Court-Created Causes of Action. Judges have issued a number of rulings that have created entirely new causes of action under tort law. The most recent example was in Louisiana, where a judge found that the mere expectation of possible injury is sufficient grounds for a suit and the awarding of damages.
Court-Ordered Tax Increases. In at least 19 states—Nevada among them—state district courts have ruled education funding systems unconstitutional. As a result, legislatures have been forced to impose new taxes or raise existing taxes, in order to comply with these judicial mandates.
Let’s Get Real
Historically, government has encouraged private business and the production of lawful products by essentially staying out of the way. Now with courts being co-opted into instruments of social action by unethical layers, they are forcing companies to accept liability for the unlawful use of that product. These are legal products not shown to have ever been defective. Instead of sending manufacturers a bill for a defective product, government is billing companies—and ultimately, taxpayers—for social ills when they can’t impose their agenda through legislative means. The attitude of career politicians is appalling. Health and Human Services Secretary Donna Shalala, at a press conference following the tobacco suit victory, almost jumped with glee about all of the things government could spend the money on: "What are deep pockets for?"

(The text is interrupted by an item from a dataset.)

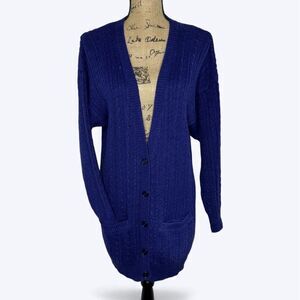 Vintage Woods & Gray Cable Knit Cardigan Sweater Sz L Blue Academia Preppy Layer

Using Shalala’s reasoning, will automobile manufacturers be liable when a drunk driver causes death or injury? Will the Seagram Company be subjected to a lawsuit because someone chose to drink himself into cirrhosis or inflicts violence on another person while under the influence? How about fast food restaurants—will they be held responsible for someone’s high cholesterol level? Such abuses will redefine government power. But rest assured that the bucket industry, which some say is responsible for drowning deaths of toddlers, will be spared—its pockets aren’t deep enough.
Rep. Bob Barr recently introduced legislation to address regulation-through-litigation mania. His bill states that consistent with existing law, no one can bring a lawsuit against a corporation that manufactures a legal product which is essentially without defect. If passed, companies will no longer be liable for criminal misuse or irresponsible use of a product. The cash cow exploited by law firms like Callem, Cheatem & Howe will dry up—and the plaintiff bar will cease to be the fourth branch of government.